I. The Assault and Battery Exclusion

United National claims that coverage for Burke's injuries is excluded because they “arose out of” two assault and batteries:  first Burke was attacked by another Penuche's patron;  and then he was manhandled by Tousley, who was attempting to break up the fighting.   United National argues that the assault and battery exclusion applies if the claims arose out of either or both of these incidents.

A. The Fight

 It is not disputed that Burke was battered by another patron of Penuche's on October 4, 1995.   However, the assault and battery exclusion is only implicated by this fight if batteries by customers were a type of battery excluded by the contract, and if Burke's injuries could fairly be said to “arise out of” this patron's attack.

The policy excludes “claims arising out of an assault and/or battery, whether caused by or at the instigation of, or at the direction of, or omission by, the Insured, and/or his employees.” (emphasis added).   Tousley claims that this exclusion is inapplicable to any claims arising out of the patrons' fight because its terms only exclude coverage for assaults caused by acts or omissions of employees.   In other words, Tousley reads the examples following the word “whether” as an exhaustive list.   He argues that, at the very least, this provision is ambiguous, and that under New Hampshire law this ambiguity must be resolved against United National.   See Hoepp v. State Farm Ins. Co., 697 A.2d 943, 945 (N.H.1997).   These arguments fail.
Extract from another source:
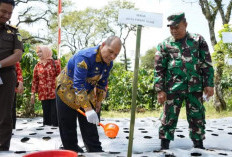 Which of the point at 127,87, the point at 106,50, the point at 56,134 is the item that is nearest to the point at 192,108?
the point at 106,50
 An insurance policy's language “must be accorded its natural and ordinary meaning.”  Coakley v. Maine Bonding and Cas. Co., 136 N.H. 402, 618 A.2d 777, 781 (1992) (quoting Trombly v. Blue Cross/Blue Shield, 120 N.H. 764, 423 A.2d 980, 984 (1980)).   Tousley's position either reads the word “whether” out of the exclusion completely, or gives it a meaning identical to the word “if.”   This interpretation runs against the commonly accepted meaning of the word “whether” in this context.   If one hears, “the post office will deliver your mail, whether it is raining or snowing,” one will not take this to mean that mail is only delivered in inclement weather.   Similarly, where this policy lists specific types of excluded assaults and batteries after the word “whether,” it does not follow that other assaults and batteries are not excluded.   Our interpretation of this exclusion is consistent with the only other court that we have found to have addressed this question.   In United Nat'l Ins. Co. v. Horning, Ltd., 882 F.Supp. 310 (W.D.N.Y.1995), United National sought a declaratory judgment under an identical exclusion in a liquor liability policy.  Horning involved an action brought by a rape victim against a drinking establishment and bartenders for serving her attacker even though he was under the influence.   Rejecting a reading of the clause identical to that proposed here by Tousley, the district court held that “[t]he specific instances identified in the clause are simply not meant to provide an exhaustive list of the conduct contemplated by the exclusion.”  Id. at 314.   We agree.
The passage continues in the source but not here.